Tariq Ramadan doit être innocent des faits dont on l'accuse, c'est une nécessité absolue. Il y a bien évidemment la présomption d'innocence, principe cardinal de la justice telle que nous la concevons. Il y a aussi une accumulation de témoignages qui montre un personnage très différent de celui auquel son discours nous a habitués. Après quelques trous de mémoire, Martine Brunschwig-Graf, la présidente de la Commission fédérale contre le racisme, admet avoir eu vent de rumeurs évoquant un comportement fort peu déontologique à l'époque où Tariq Ramadan enseignait dans un collège genevois. Venant d'une dame dont l'obsession consiste à traquer toute éventuelle ébauche d'esquisse de propos islamophobe, l'aveu prend de l'importance et n'arrange pas les affaires du présumé innocent.
Ceci dit, il en faut plus pour ébranler les soutiens inconditionnels du professeur d'études islamiques contemporaines à l'université d'Oxford, noble établissement qui vient de mettre en congé notre homme "d'un commun accord et avec effet immédiat", ce qui ajoute quelques nuages à l'horizon déjà bien chargé de l'enseignant.
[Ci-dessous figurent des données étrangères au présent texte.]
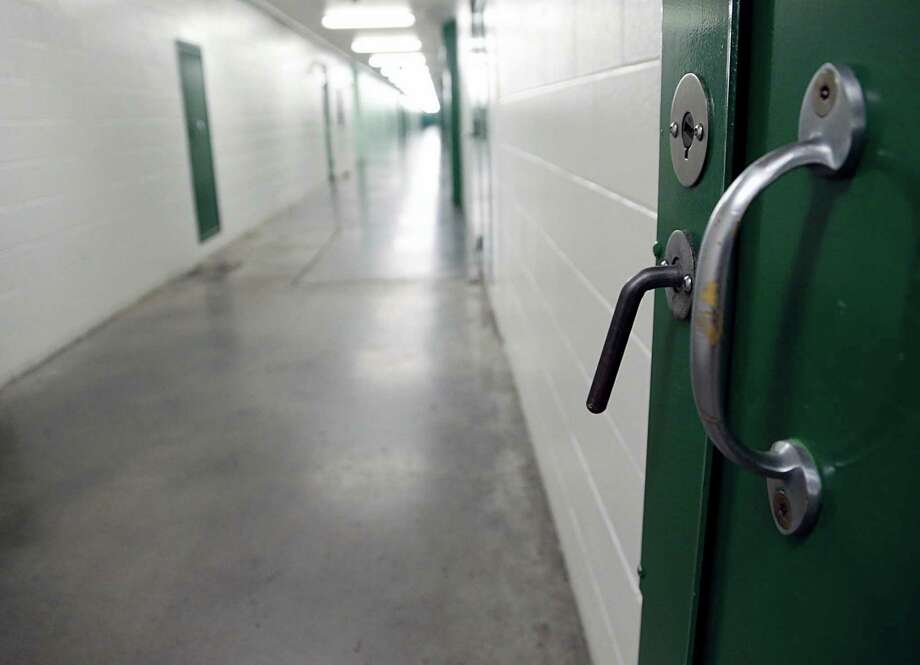 Three Harris County Sheriff S Office Employees Indicted In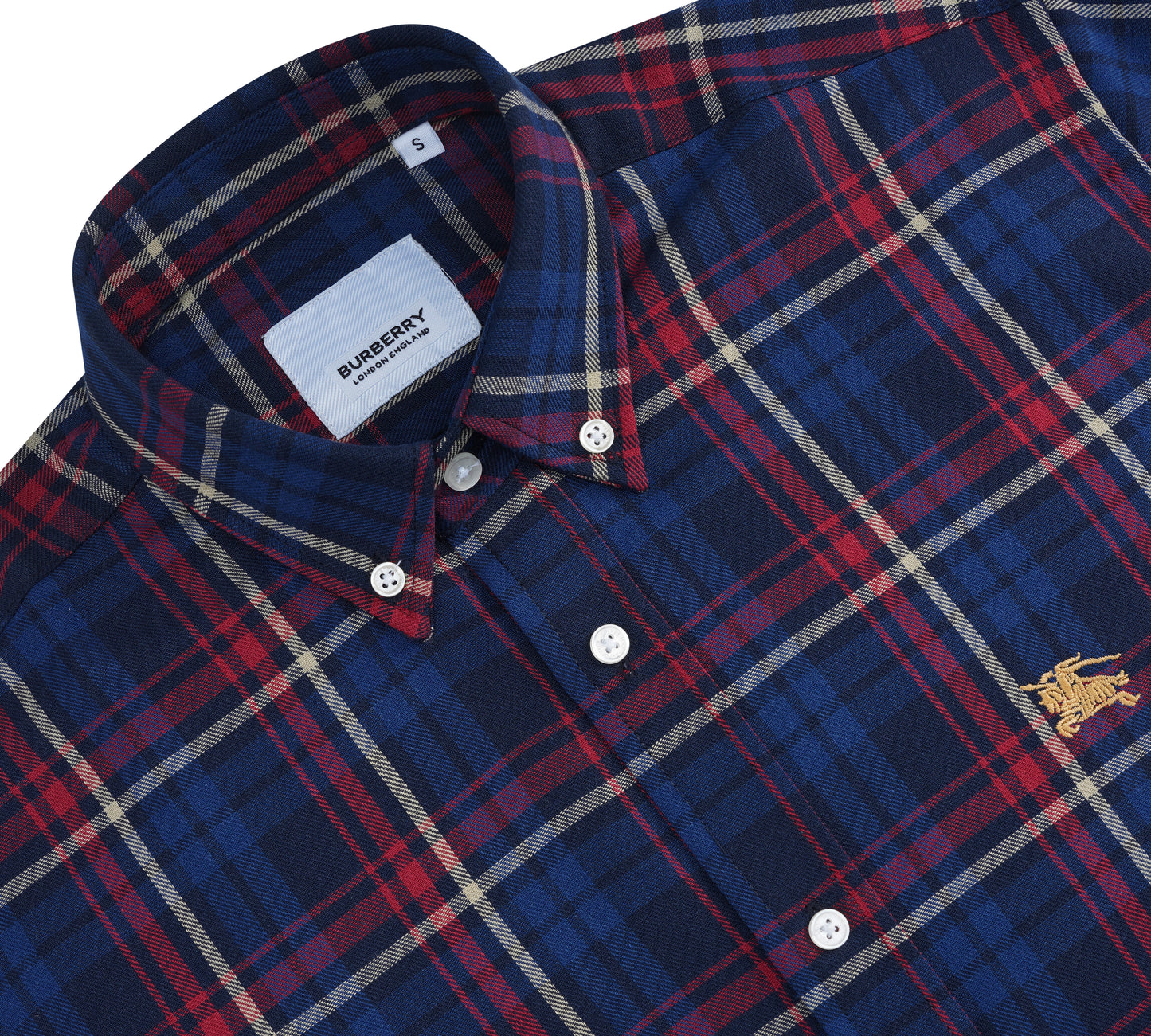 BLFCS-13 Casual Shirt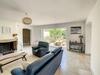 Villa Rental With Swimming Pool In Sainte-maxime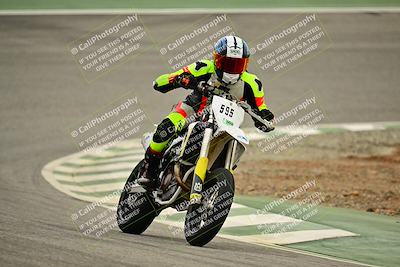 media/Nov-22-2025-2WTD (Sat) [[7eb050eb5f]]/A Group/Session 1 (Bowl Exit)/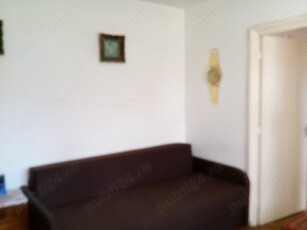 ofer spre inchiriere apartamnet 2 camere, mobilat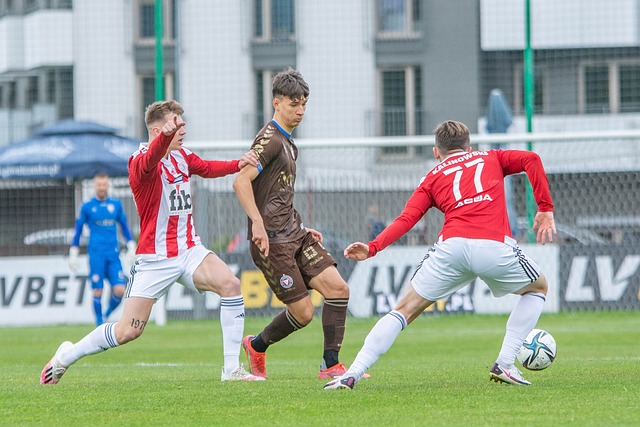 物流成本的 物流成本的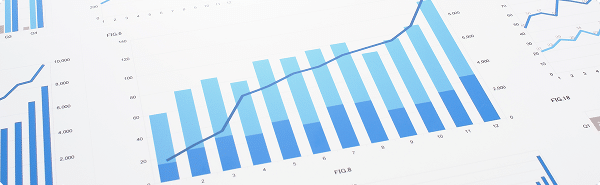 Personalized analytics and performance insights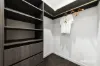 11 Corfu Street, Fraser Rise, Vic 3336-Image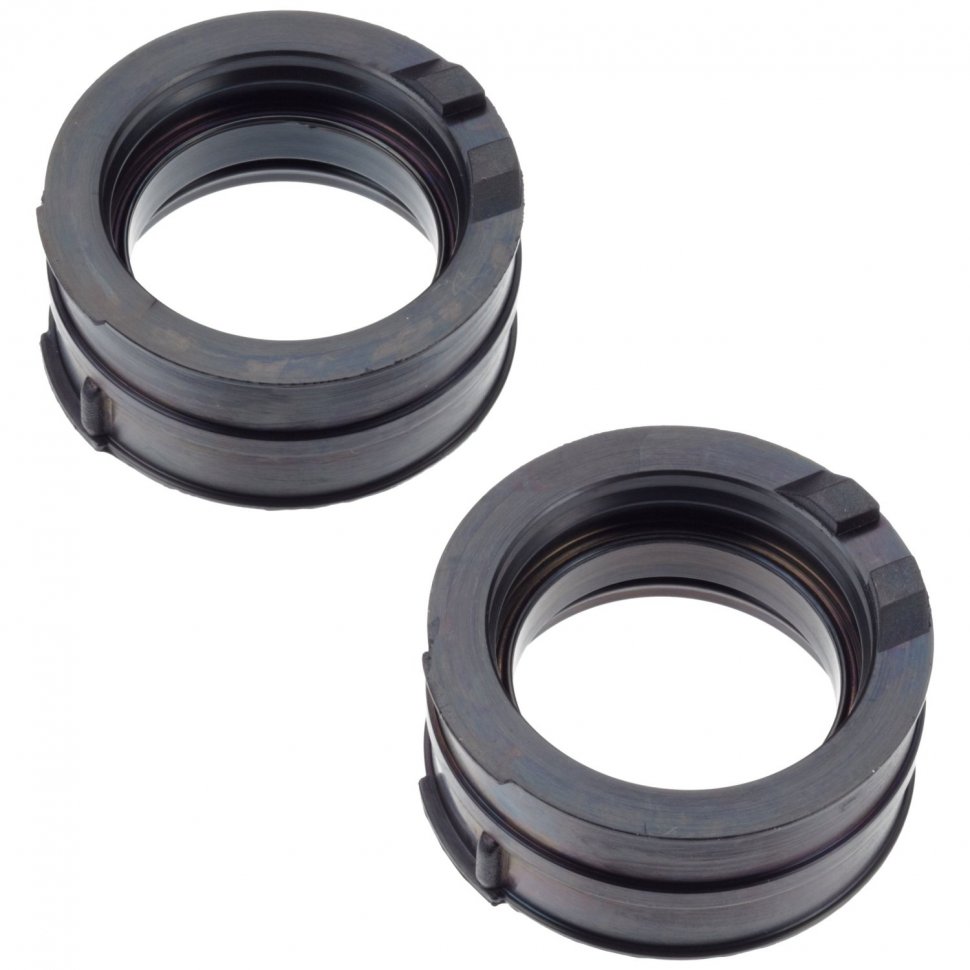 CHY42 — INTAKE PIPE SET TOURMAX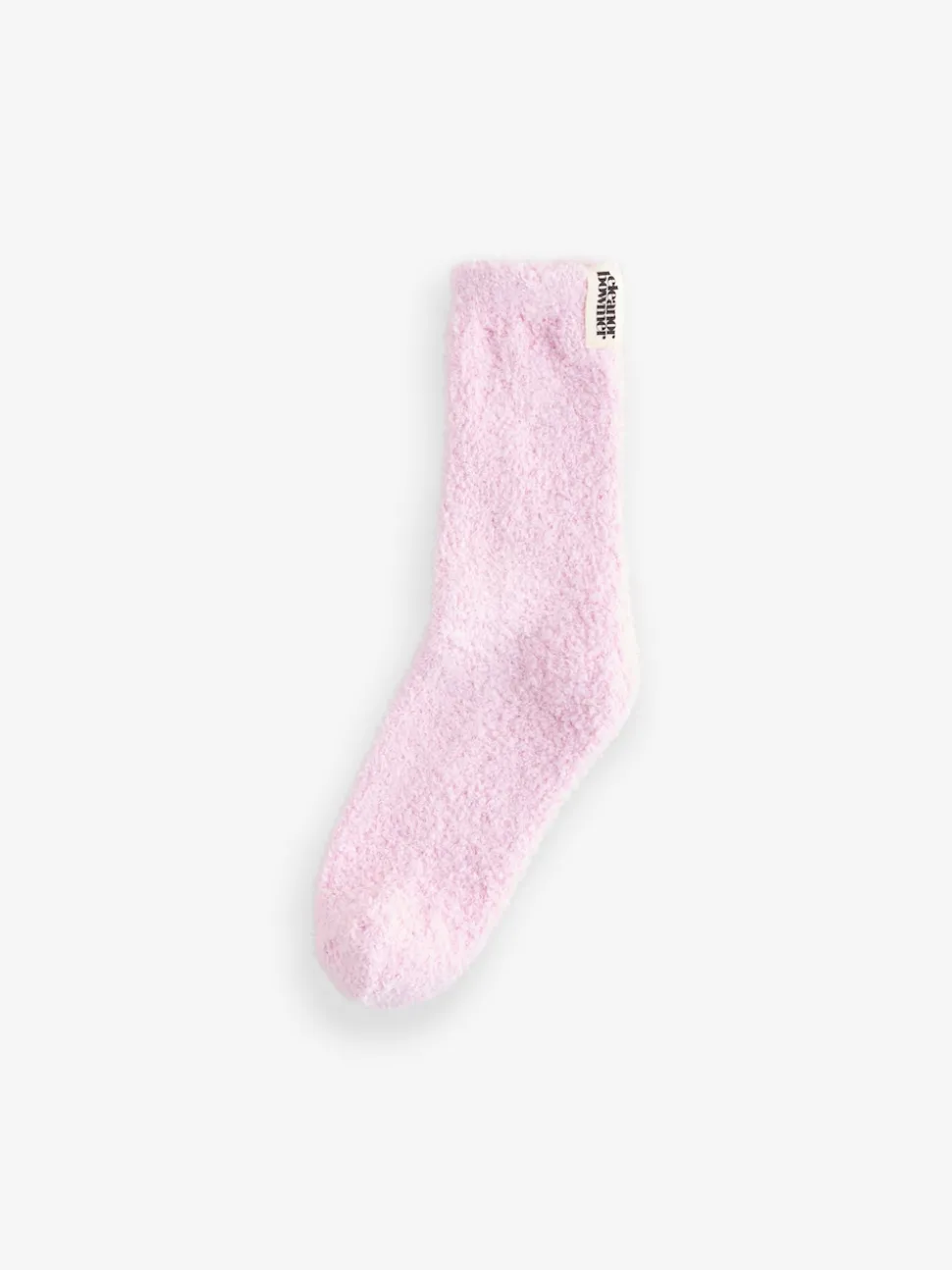 Eleanor Bowmer 2 pack Cosy Socks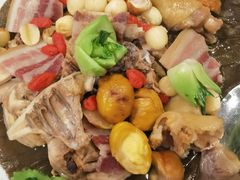 -杭州西湖柳莺里酒店·闻莺厅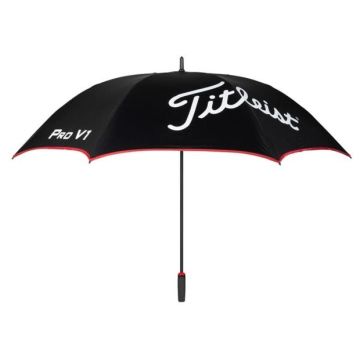 TITLEIST Single Cover Canopy Umbrella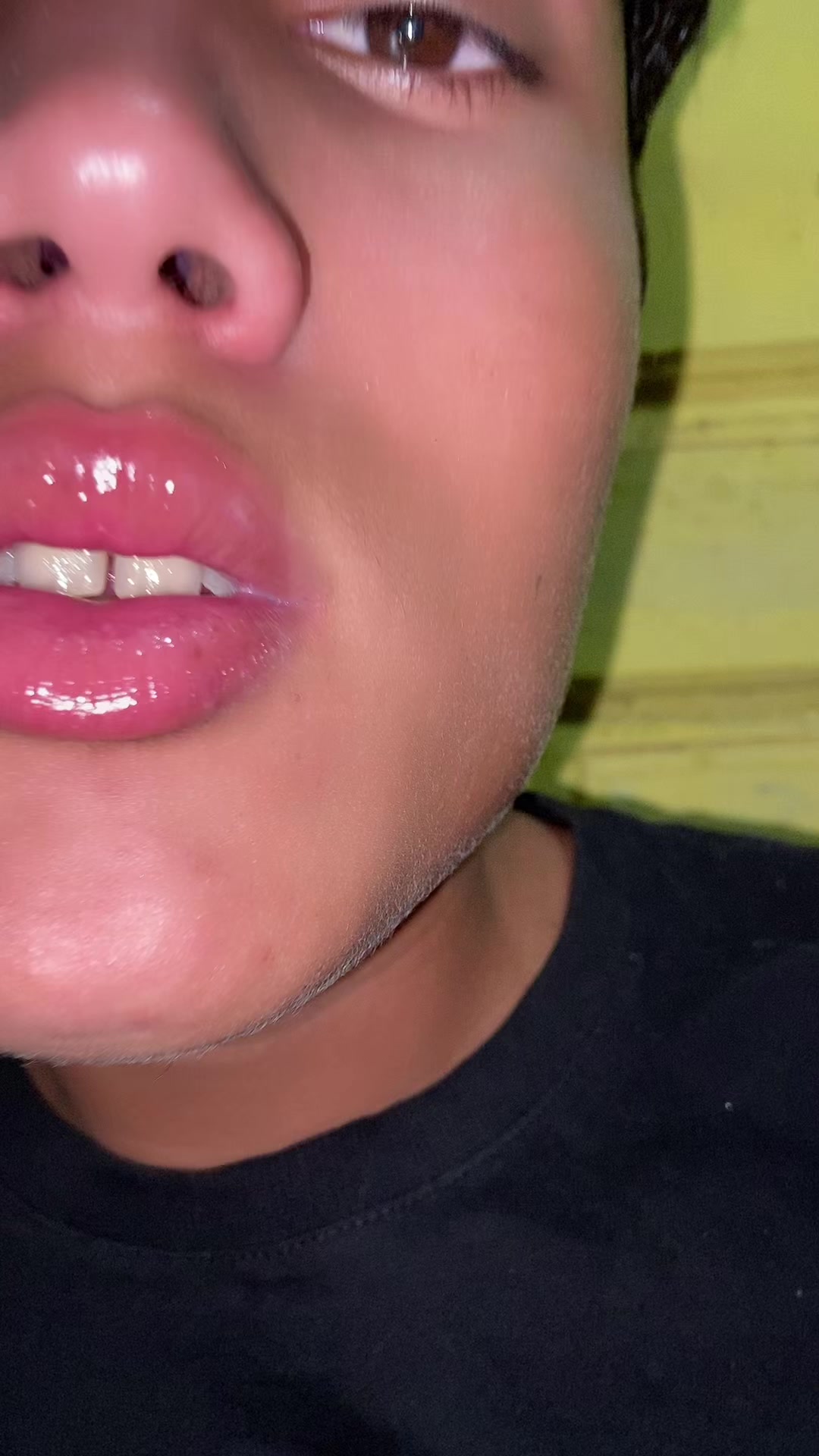 @guga_2230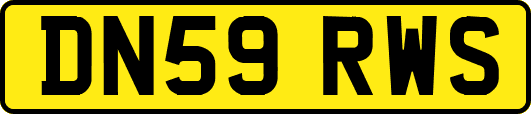 DN59RWS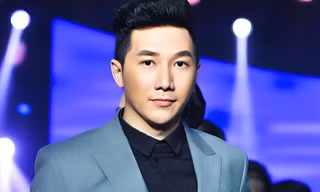 Di nguyện của người mẫu Nam Phong qua đời ở tuổi 36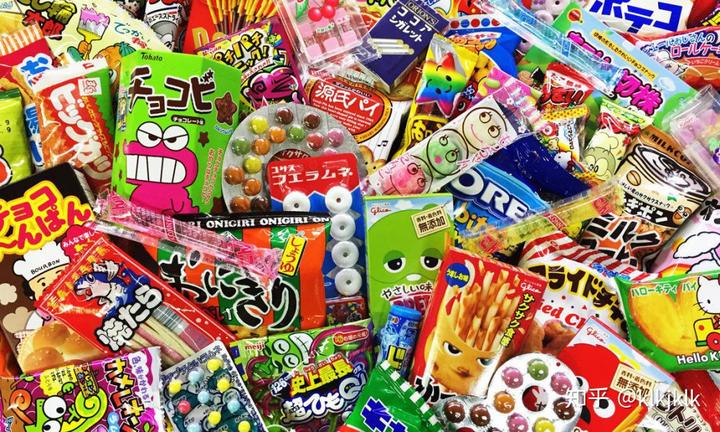 注意防护！未来一周，广东这些地区蚊子非常活跃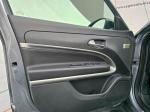 jeep-avenger-2024-gasolina-1199cc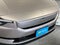 2024 Polestar 2 Long Range Dual Motor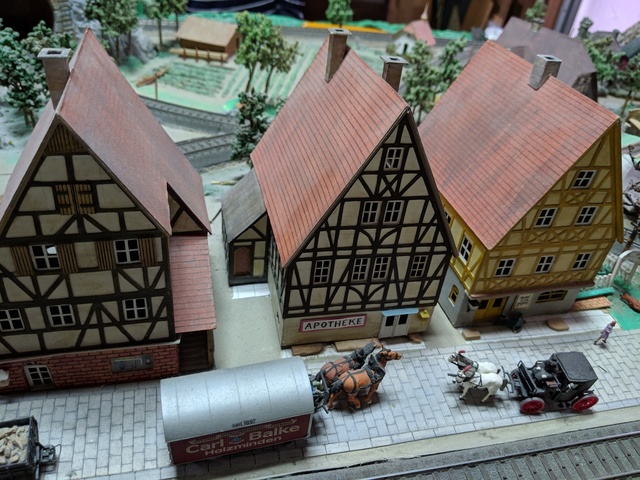 IMG_20190707_131608.jpg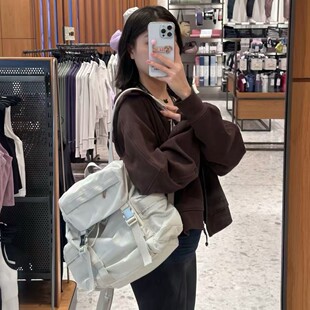 ¶¶LU�羳Wunderlust14L�wñ�p�����W���������\�ӵ�ɽ���а�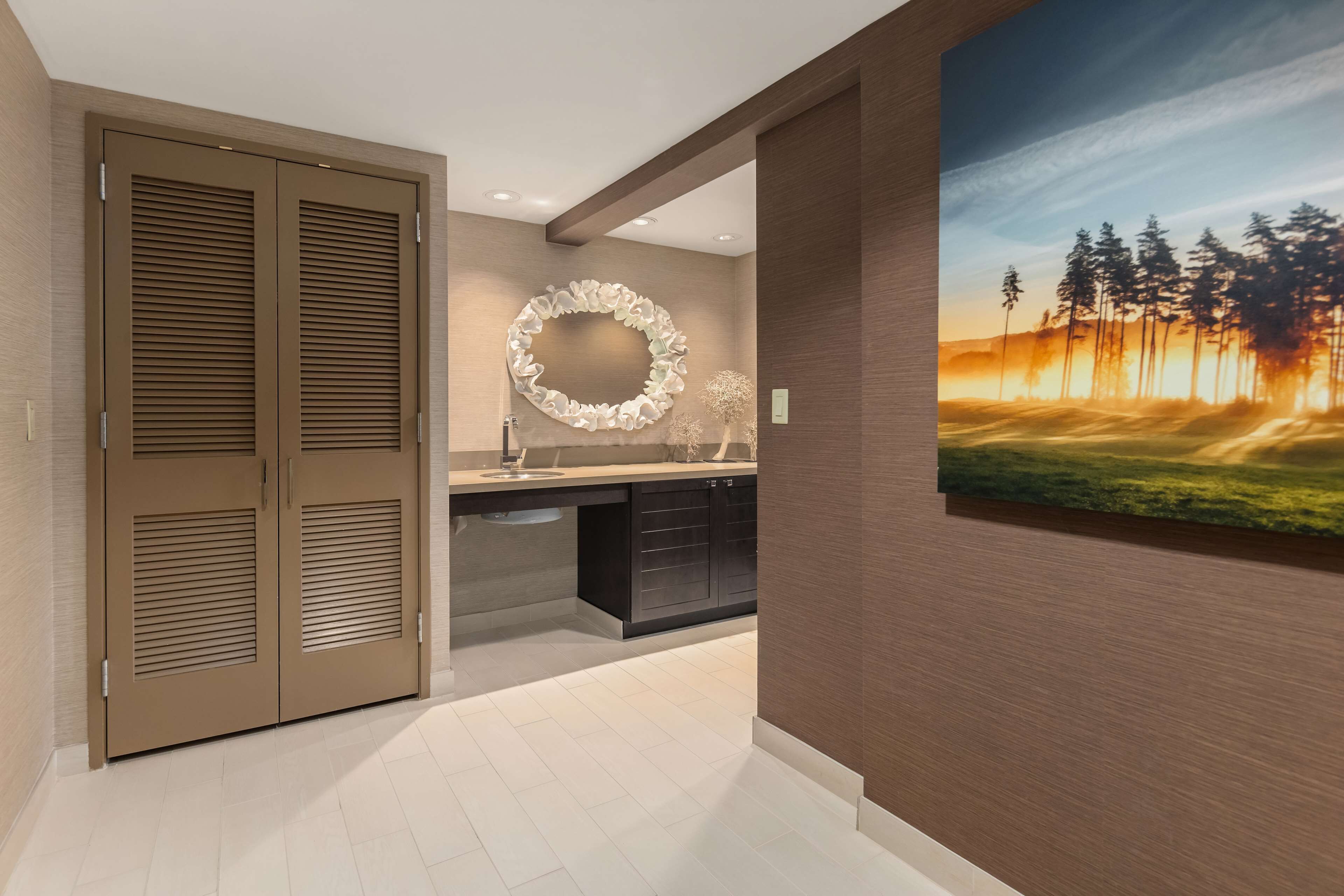 Foto - Hilton La Jolla Torrey Pines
Ainsi, Jacques Neirynck, l'homme au côté de qui Albert Einstein fait petit bras, prend fait et cause pour Frère Tariq, lui conservant une estime intacte, intimant à tout un chacun d'en faire autant. Il est vrai que notre intellectuel universel a cosigné un ouvrage forcément essentiel avec l'islamologue sulfureux. Imaginez ! Ce serait vraiment fâcheux pour M. Neirynck d'avoir ainsi ajouté sa plume à celle d'un vulgaire harceleur. Pour l'ancien conseiller national, Tariq Ramadan restera innocent, quel que soit le devenir judiciaire de cette affaire, étant entendu que M. Neirynck ne se trompe jamais, ici pas plus qu'ailleurs. En maintenant sa confiance à Tariq Ramadan, l'éminent personnage veille surtout à ne pas blesser son orgueil incommensurable, seule chose qui lui reste.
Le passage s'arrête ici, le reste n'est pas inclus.